Wake SPCA and Second Chance, a rescue group. For Wake SPCA, if there’s a dog walk or outside event, I’m there to implant a microchip in the dog so if they get lost they can be found. At Second Chance. I’m their veterinarian. They will bring animals to us, or I go there if I need to. They call every night. And one Sunday a month, I lead a group of vet students for Spay Day. We spay and neuter their animals up for adoption.

What is your volunteer work for Christian Veterinary Mission?

I’m the advisor for students at the (N.C. State) Vet School for CVM. I teach a missions preparedness class on Friday night for anybody who wants to go on a trip. It’s four hours, one night a month, for seven months. I’ve accompanied students on trips to Alaska, the Cherokee Nation in Western North Carolina, and the Navajo Nation in Arizona, Utah and New Mexico. We try and go to places where there’s no vet care. When we started going to the Navajo Nation 12 years ago, they had never heard of vaccines or deworming or spays or neuters. But over the years, we’ve been educating. We’re teaching them how to take care of their animals. And at the same time, sharing Christ’s love.

Your parents managed amusement parks, where you worked as a kid. What did you learn from them and from that work?

We started working at a very young age. My grandfather owned the park. We learned to have fun at work, but also to be creative, trying to name rides, riding water slides in the winter to test them out for my dad, freezing my butt off. I learned a strong work ethic and to have fun at work, and leadership skills.

Who are your heroes?

My grandfather, Charles R. Wood. He worked his way through the Depression. He built an amusement park starting with $20. His passion was helping people. He started a foundation I sit on. It built a camp for critically ill children, the Double-H Hole in the Woods Camp. He started it with Paul Newman (the late actor and philanthropist).

And Arto Monaco (an artist, theme park designer, toy designer and cartoonist). He taught me how to paint. He gave his life for children to have fun. And he gave everything he owned away. He was always poor. He was a giver. He gave to everybody.

If you could have dinner with any three people, alive or dead, real or fictional, who would they be?

Florence Nightingale, to learn about her courage. Walt Disney, to pick his brain. Gandhi, to learn about his leadership style, what made him tick.

Who do you admire in Raleigh, and why?

Joe Gordon, my boss and partner. He has a gentle personality. He’s always giving. He’s compassionate. And anytime you need help, he’s right there.

What motivates you each day to do something to give back?

My faith and a passion for others.

What do you like about Raleigh?

I love the people. They’re kind and they’re sincere. They’re fun.

What do you like to do in your free time?

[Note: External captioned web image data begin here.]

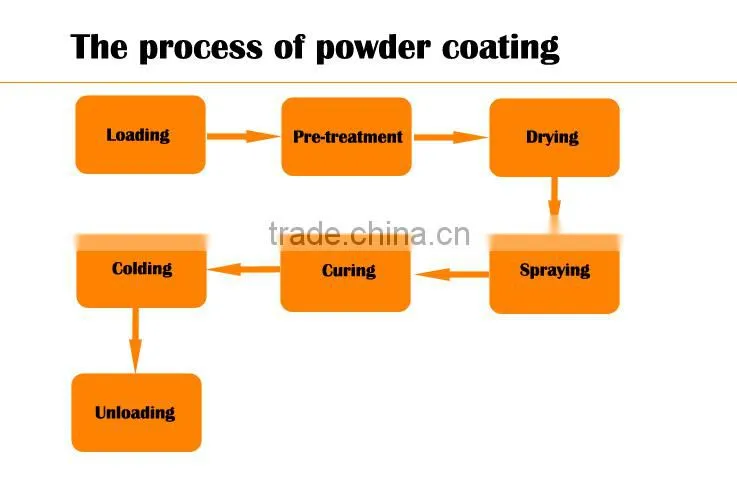 metal coating spray machine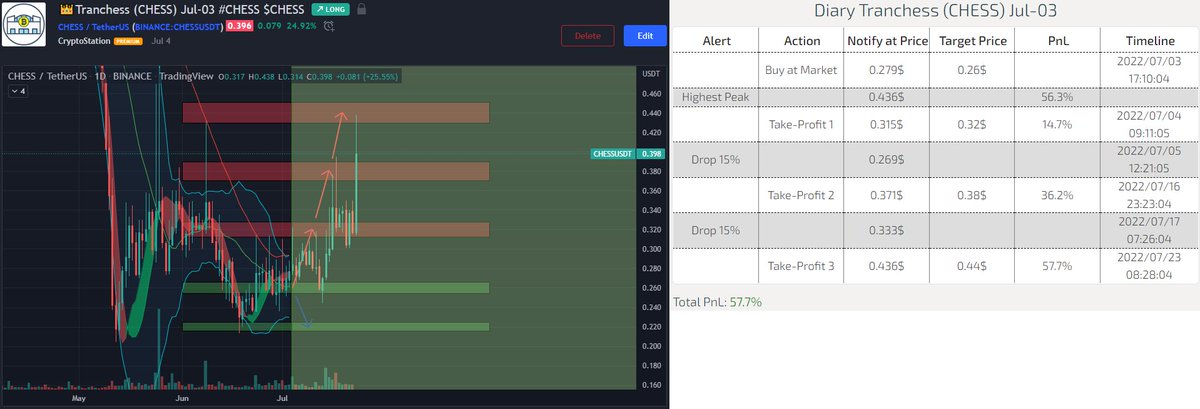#CHESS $CHESS (Jul-04)  hit 🎯 Target-3 at 0.44$ zone

🎊Profit :  57.7%
👉Bought at 0.279$

More info:
🖥 cryptostationglobal.com
▶️ t.me/cryptostationc…

#Crypto #Cryptocurrency #Bitcoin #Ethereum #Altcoin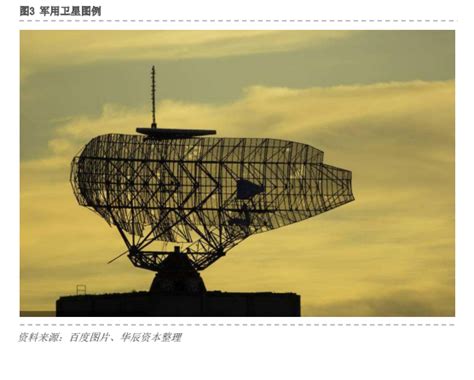 【行业】卫星通信研究报告（28页） | 乐晴智库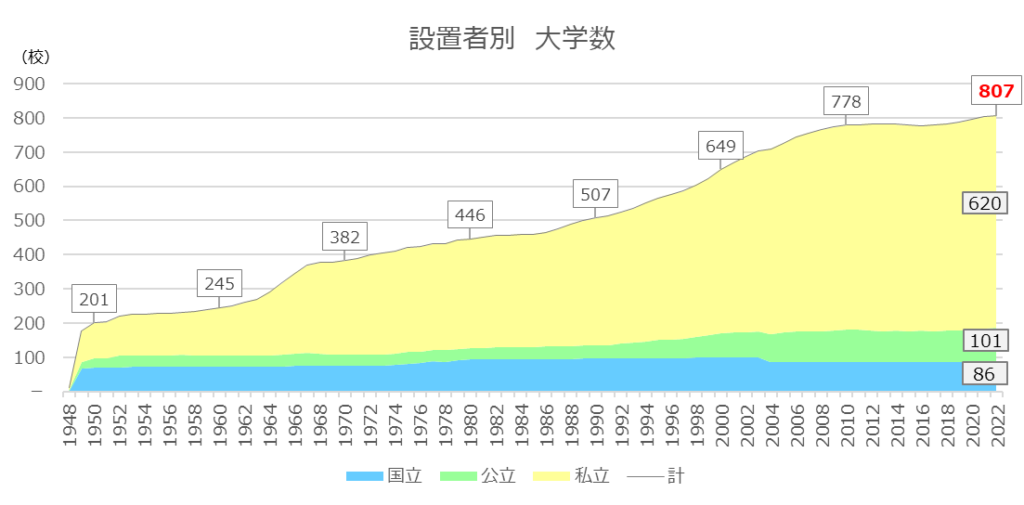 「私立大を3分の1に」財務省主張の危うさ 地方小規模大学の価値を知ろう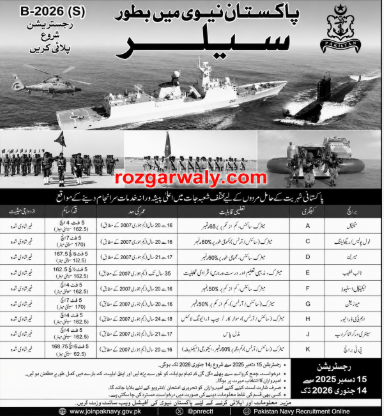 Pakistan Navy Sailor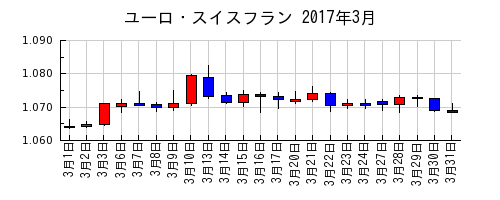 ユーロ・スイスフランの2017年3月のチャート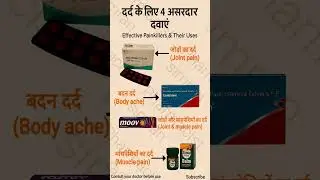 Painkillers in Daily Life | Uses, Benefits & Safety #shortfeed #painkiller #youtubeshorts #medicine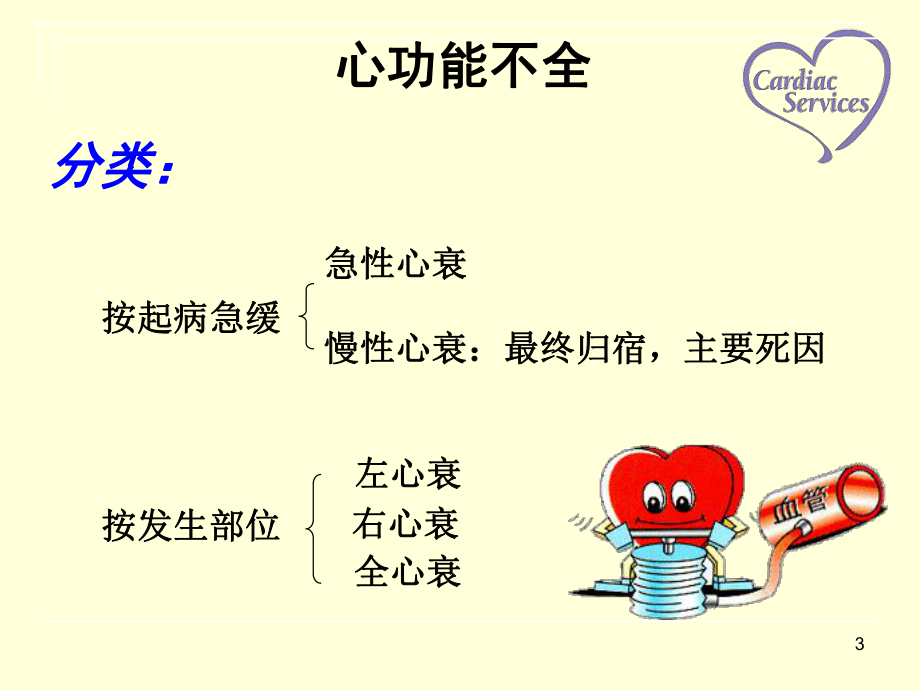 第二节心力衰竭病人的护理课件.ppt_第3页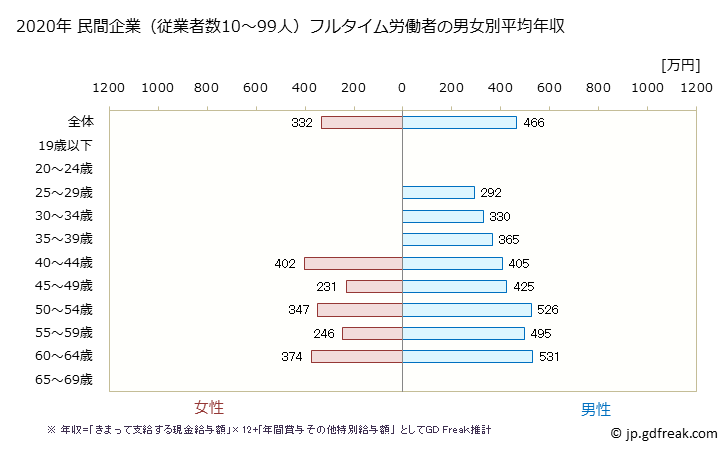 グラフ 年次 兵庫県の平均年収 (情報通信機械器具製造業の常雇フルタイム) 民間企業（従業者数10～99人）フルタイム労働者の男女別平均年収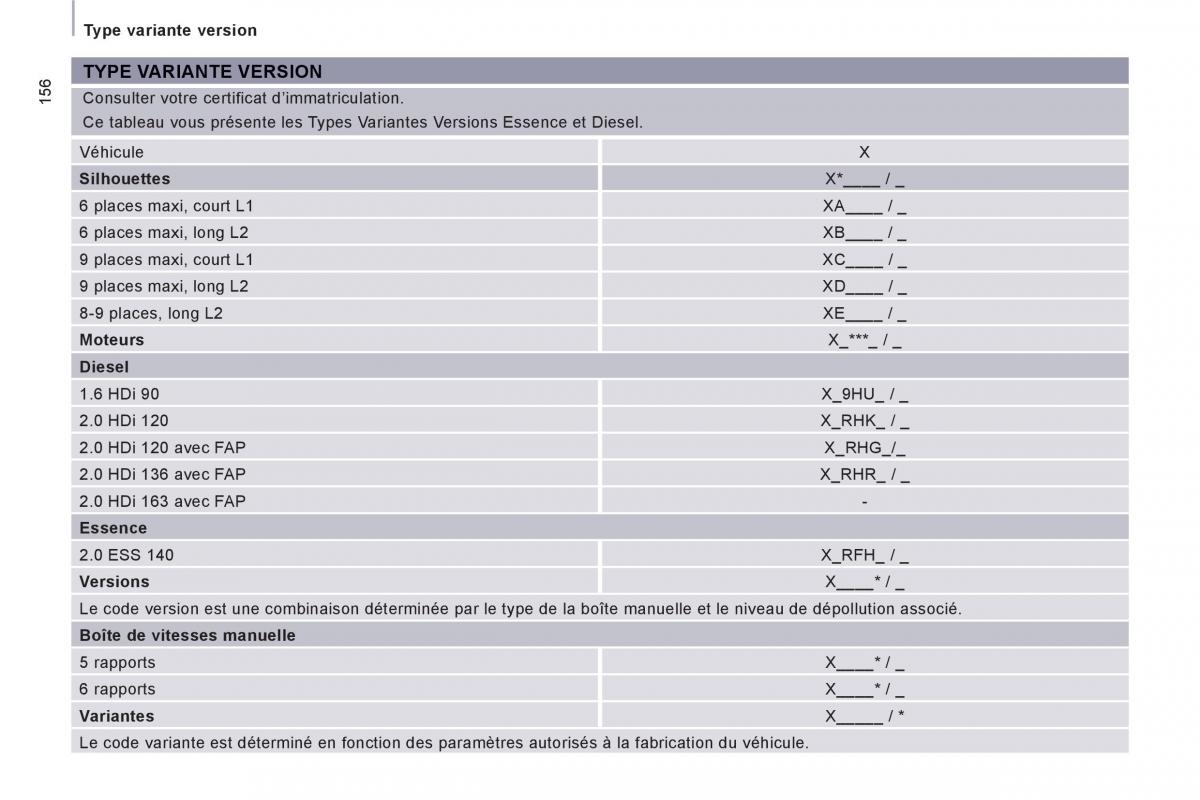 Peugeot Expert II 2 FL manuel du proprietaire / page 262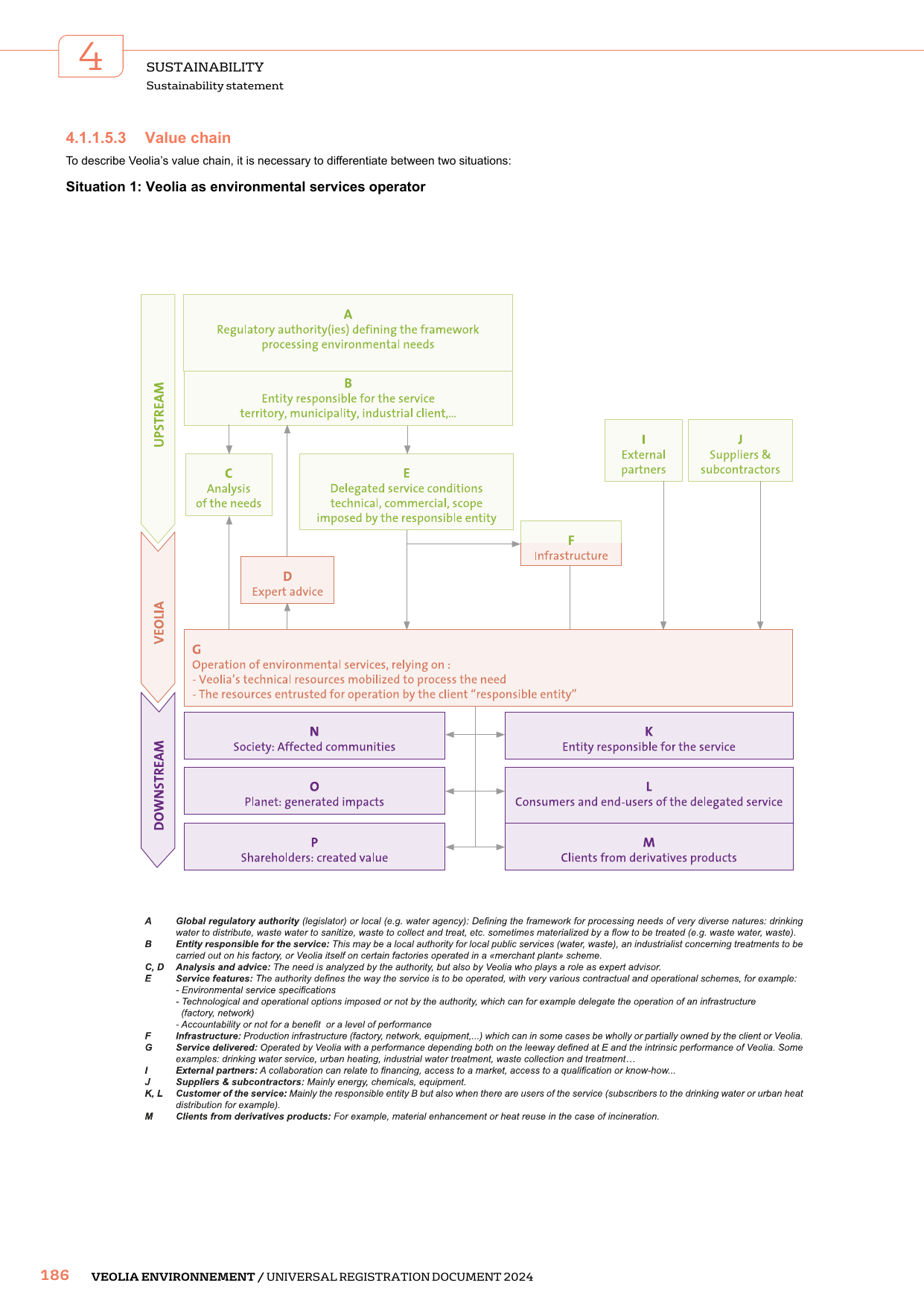 Veolia environmental services value chain showing upstream (regulatory authority, entity responsible, analysis, expert advice), Veolia operations (service delivery via infrastructure), and downstream (society, planet, shareholders and their respective stakeholders)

I clean my chicken houses. There’s a lot of parks. I go for a lot of walks with the dogs. I play the harp but just at church. I go to the ballet and the symphony.

Where do like to go for vacations?

I don’t take a vacation.

If you could fix a social problem, what would it be and how would you do it?

If you can teach people to love, a lot of the other things will go away. It’s one of the things we do at Christian Veterinary Mission. If we teach people to care for their animals, they then care for their children, and then they respect each other. So the abuse and all of that goes away. They develop a better sense of self and they will start to take care of themselves better and the suicides rates will drop. I’ve seen that in places over the years with Native Americans.

What inspires you?

My faith is part of that. Every day, the sun comes up and it’s a new day, and we can make a difference in that day. So you want to use it to the fullest.

What is your favorite movie?

Cinderella. It has a happy ending and there are animals in it.

What are you reading?

Restoring Broken Things, on how to help people who are broken; Rework, on redefining your business; and Aha, on finding that God moment in every day.

What is something people don’t know about you?

The harp is my secret.

What is your philosophy of life?

Live every day to the fullest as God intended.